Players can buy new weapons from the buy menu that can be opened when standing inside the buy zone, costing money that they had earned.

Most weapons can be dropped and picked up, except for knives and in special situations where the game does not allow a normal weapon to be dropped or picked up. A player's death will cause their equipped primary and secondary weapon to be dropped. In Global Offensive, it is also possible to directly replace a weapon on the player's hands by aiming at a weapon on the ground and pressing the interaction key (USE is bound to E by default).


Introduced alongside the Arms Deal in Counter-Strike: Global Offensive, inspecting was added to give the player the ability to view details on their weapons in-game. Excluding the Gold Knife, all weapons can be inspected, and all equipment cannot be inspected. Inspecting weapons in-game is not to be confused with inspecting weapons from the player's inventory.
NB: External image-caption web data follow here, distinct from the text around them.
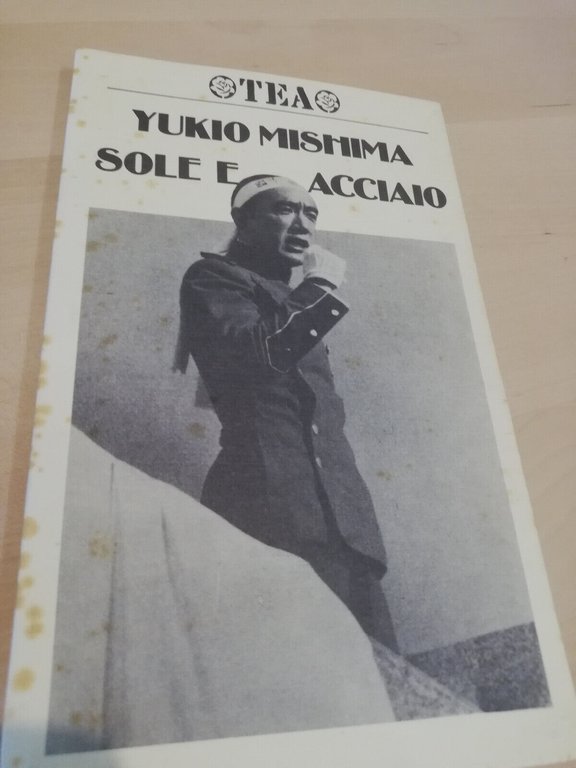 Lotto 4 libri Mishima, Sole acciaio, Samurai, Confessioni maschera, L'et …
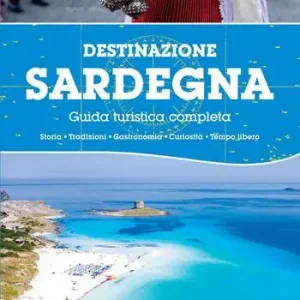 Destinazione Sardegna. Guida turistica completa 2026 Ordina Subito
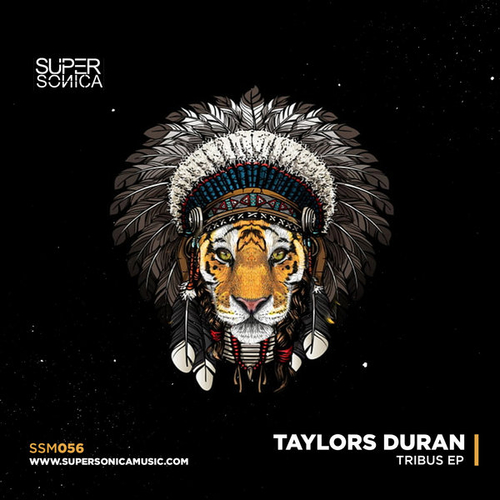 Taylors Duran - Tribus EP [SSM056]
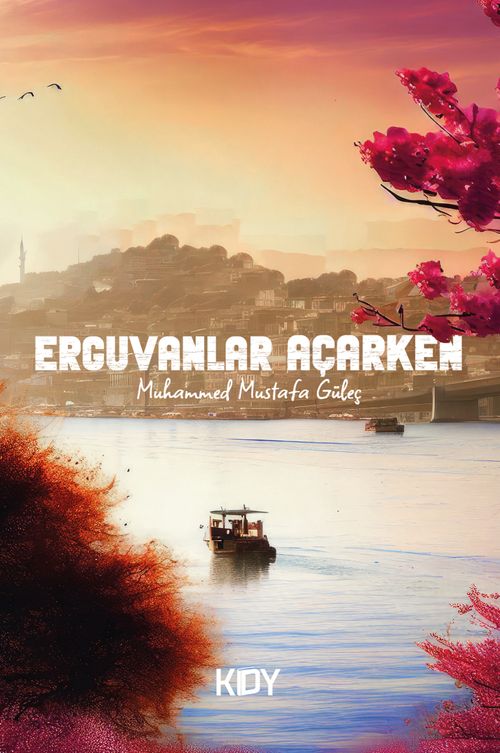 Erguvanlar Açarken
In-game, the USE key when the weapon is in an idle state will play an animation of the player inspecting the weapon by looking at all sides before returning to the idle state. This animation is clientside and only visible to the player, Spectators, and GOTV viewers in first person. No corresponding third-person animation exists, thus the inspection is unseen by other players.

The player can perform normal actions with the weapon at any point during the animation (such as reloading, firing, scoping in, or switching to other weapons), immediately interrupting the inspection animation to perform the normal action.

For most weapons, the weapon cannot be inspected unless the weapon is idle. Unlike other weapons, shotguns can be inspected while reloading, and doing so will interrupt the reload. After the inspection is finished (without being canceled by firing), the reload animation will resume.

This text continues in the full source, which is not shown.